What happens if you’re arrested at a sobriety checkpoint?

| Jan 2, 2019 | Uncategorized |

New Bedford residents who drink and drive run the risk of being caught up in the net cast by police in sobriety checkpoints. These checkpoints are typically set up by the Massachusetts State Police (MSP) in conjunction with local authorities around the state.

Sobriety checkpoints are established at undisclosed locations usually within specified times. According to a former Massachusetts district attorney who now is a criminal defense lawyer, the authorities are only “required to announce the reasoning behind the sobriety checkpoint [and] what county and . . . day they will be setting up the checkpoint.”

Isn’t it illegal?

In some states, yes. In neighboring Rhode Island, the checkpoints have been deemed illegal under statutes or via an interpretation of the federal or state Constitution.

But that’s not the case here.

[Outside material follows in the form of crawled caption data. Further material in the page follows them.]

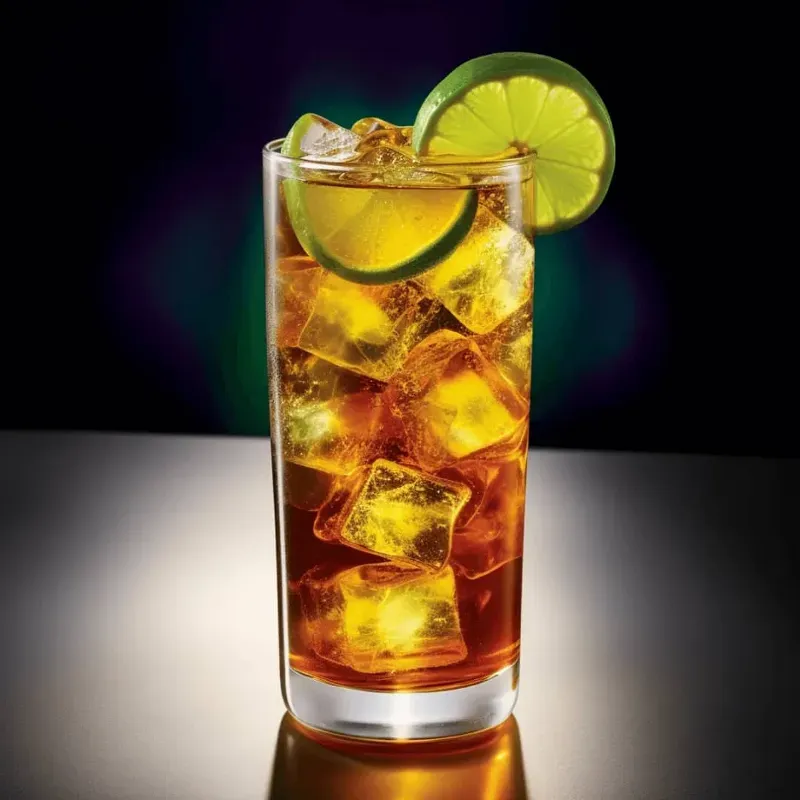  Cubalibre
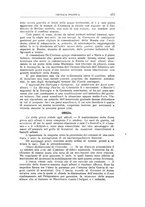 giornale/RML0025667/1916/unico/00000507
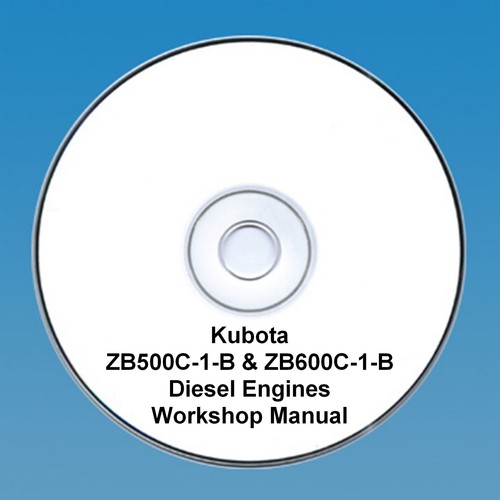 Kubota zb500c zb600c 1 - kubota, &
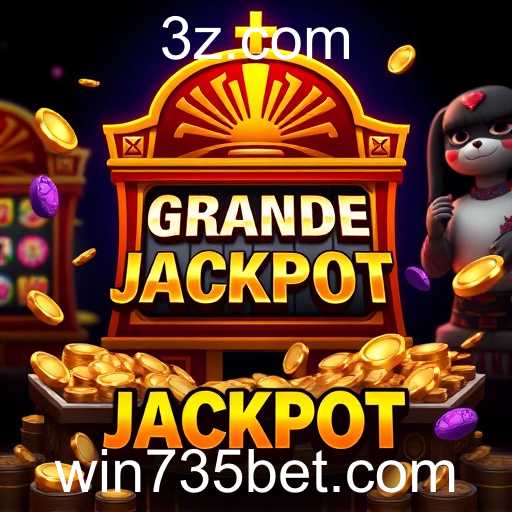 O Impacto da Tecnologia no Mercado de Apostas em 2025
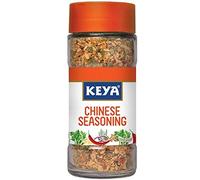 Indian Pure Delicious Keya Chinese Seasoning, 50g
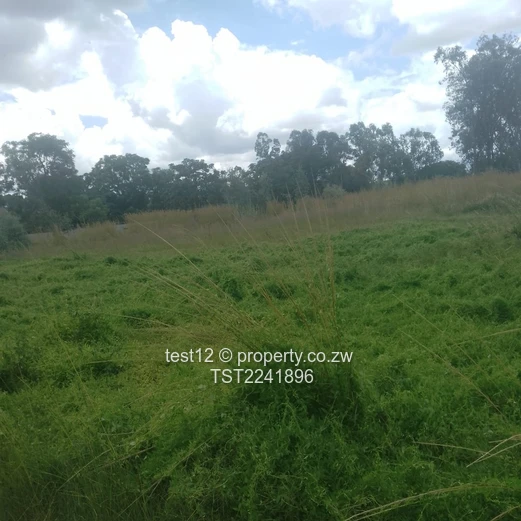 Waterfalls subdivision stand for sale 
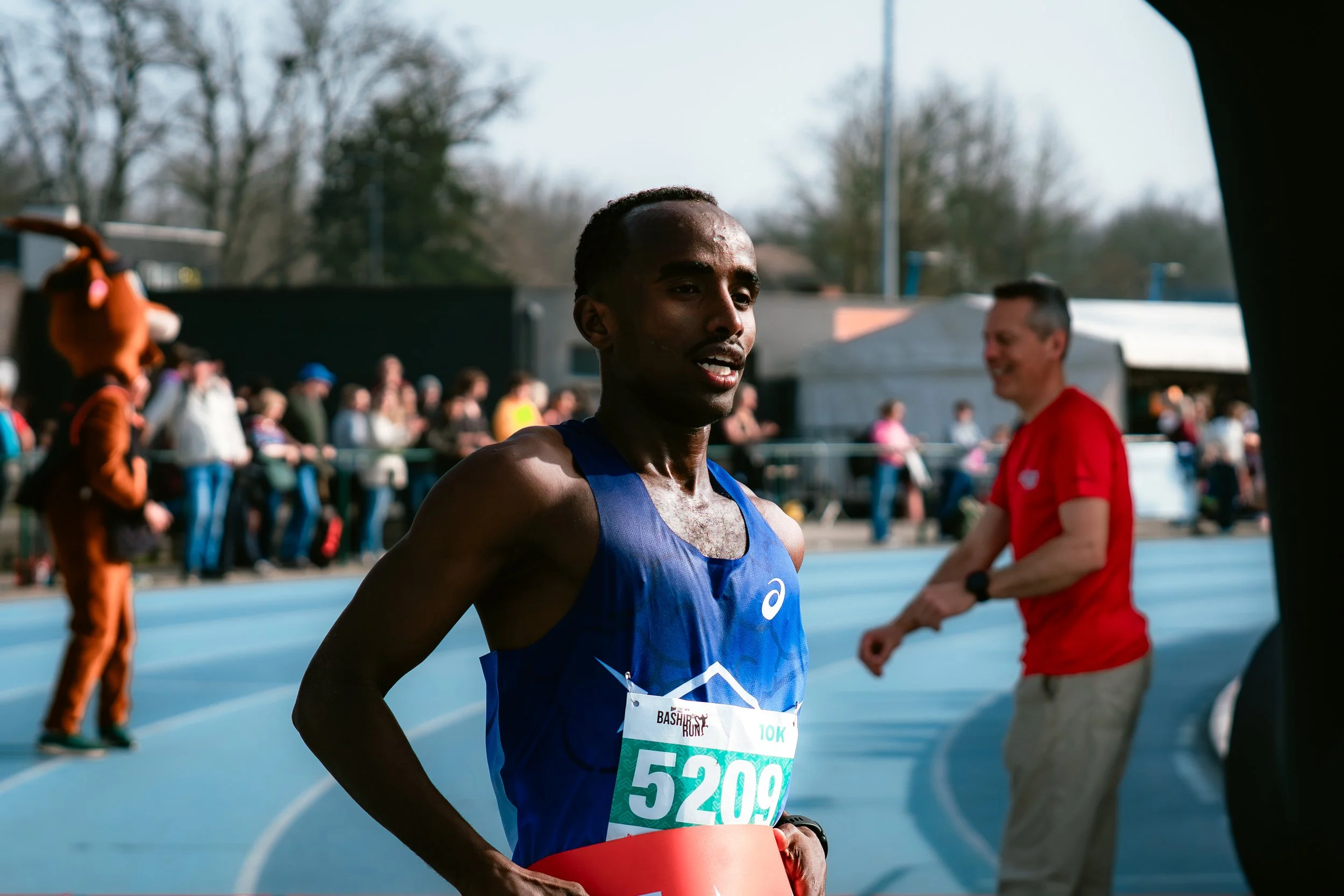 BASHIRS RUN KIDS RUN + 10K-35.jpg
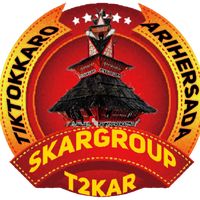 original sound - T2KAR_GLANTER.46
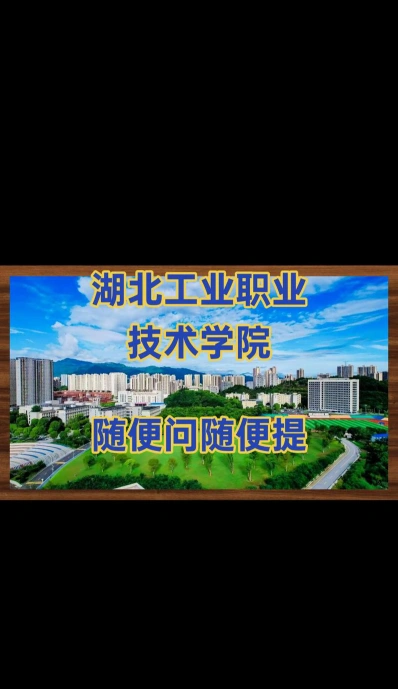 公办院校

Even though the Massachusetts Declaration of Rights, Article 14, and the Fourth Amendment of the U.S. Constitution state that police can’t stop civilians without reason, a 2009 decision of the Massachusetts Supreme Court ruled in favor of the checkpoints.

In Commonwealth vs. Robert Murphy, sobriety checkpoints were determined not to be illegal. The theory behind the argument is that there is a predetermined formula for which drivers get stopped, e.g., every fifth vehicle. Theoretically, this eliminates any presumed bias.

The MSP counters criticisms with the argument that the checkpoints provide an effective means of getting drunk drivers off the road.

Can I fight a checkpoint arrest?

Certainly — and you may prevail. When you are stopped, the officer will briefly engage you in order to assess your sobriety. Those in question may be asked to pull to the side for further evaluation and screening.

At that point, the cop may ask you to perform several field sobriety tests. Here is where the question of constitutional violations can arise. A skillful criminal defense attorney may be able to get your charges dropped if it can be proven that the police failed to follow proper guidelines.

Of course, it is always better to err on the side of caution and arrange for a sober ride home. But it should never be assumed that police and prosecutors have a strong case against you.